Starting at the line that contains "Λογότυπο Χιώτης" and stopping at the line that contains "新品 定轴 星轨逐光/深海焰火/远空破晓", restate each line of the records below exactly. Omit the pictures.
*** Extracted information ***
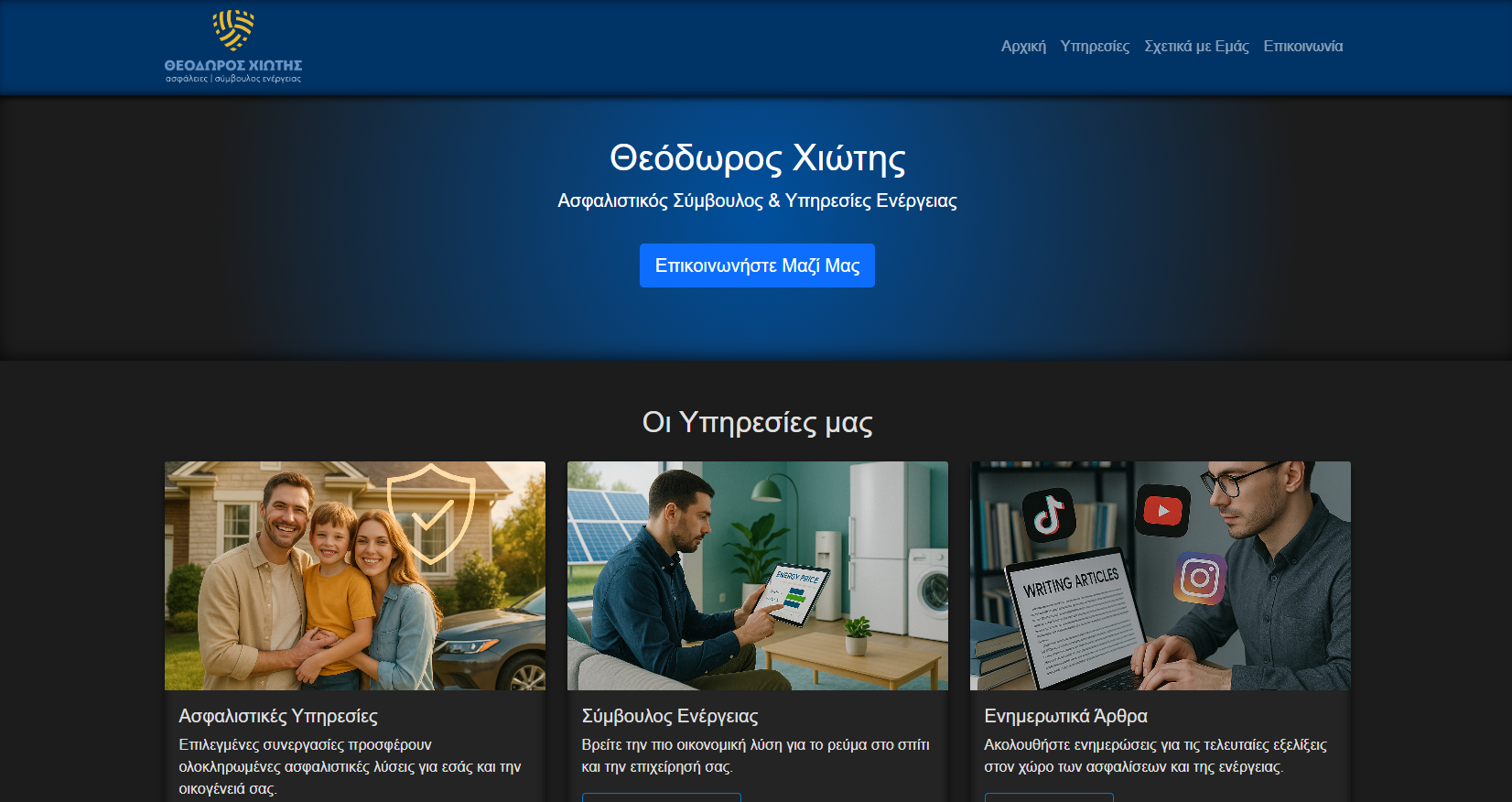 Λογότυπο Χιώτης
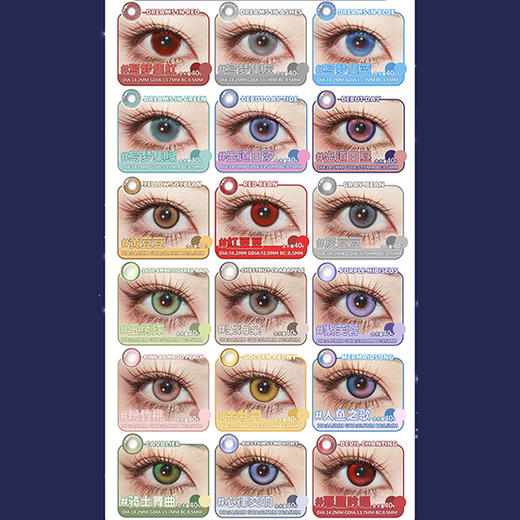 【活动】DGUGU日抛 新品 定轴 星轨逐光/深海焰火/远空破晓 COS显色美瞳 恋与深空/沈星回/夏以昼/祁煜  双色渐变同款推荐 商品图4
*** End of Extracted information ***
*** Extracted information ***
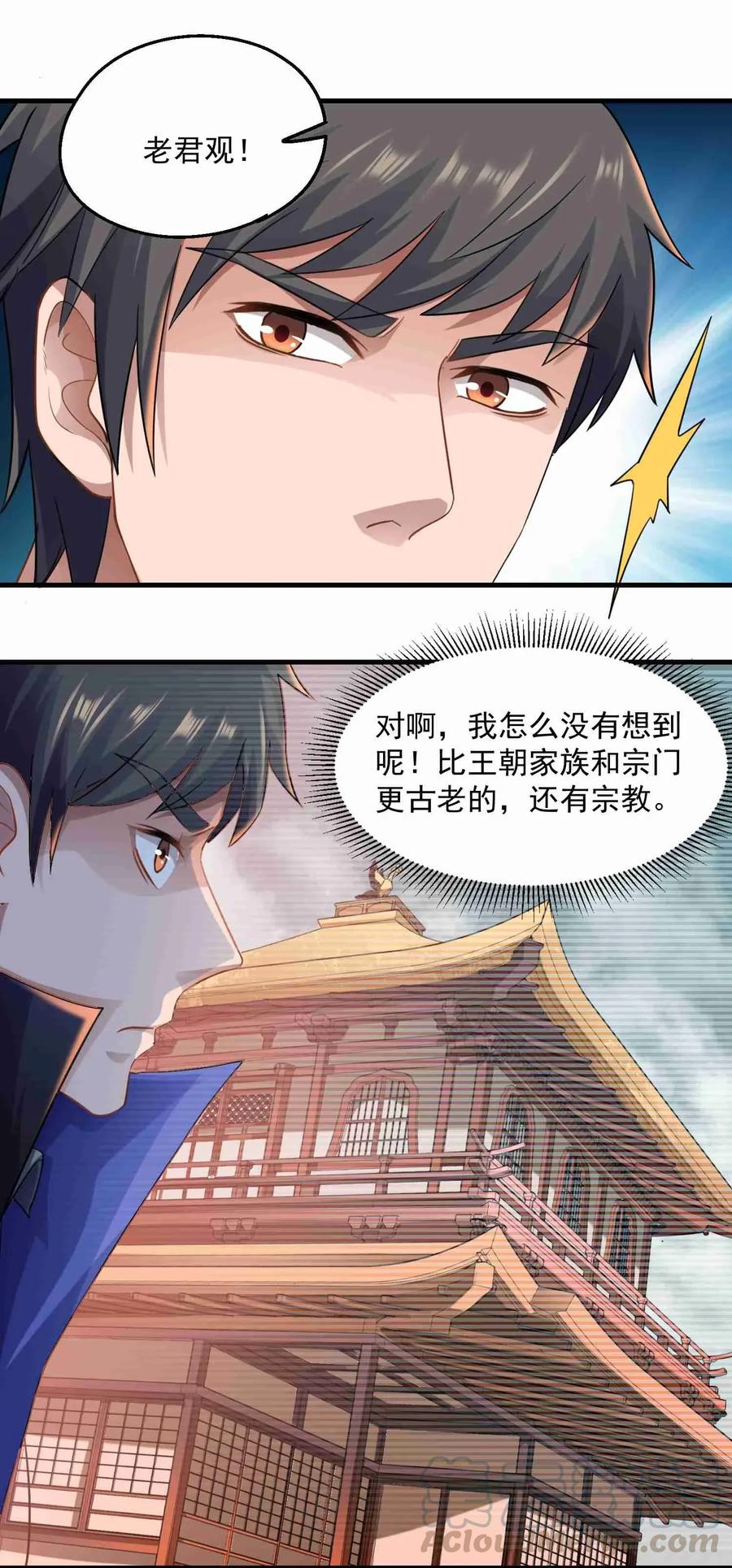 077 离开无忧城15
*** End of Extracted information ***
*** Extracted information ***
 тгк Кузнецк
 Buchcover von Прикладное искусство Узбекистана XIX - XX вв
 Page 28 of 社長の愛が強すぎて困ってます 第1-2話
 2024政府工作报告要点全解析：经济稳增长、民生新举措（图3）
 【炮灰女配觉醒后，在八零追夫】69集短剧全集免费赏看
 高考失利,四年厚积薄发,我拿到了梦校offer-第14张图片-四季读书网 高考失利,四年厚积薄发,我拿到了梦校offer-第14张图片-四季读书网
*** End of Extracted information ***
### Output for this exercise
 Λογότυπο Χιώτης
 【活动】DGUGU日抛 新品 定轴 星轨逐光/深海焰火/远空破晓 COS显色美瞳 恋与深空/沈星回/夏以昼/祁煜  双色渐变同款推荐 商品图4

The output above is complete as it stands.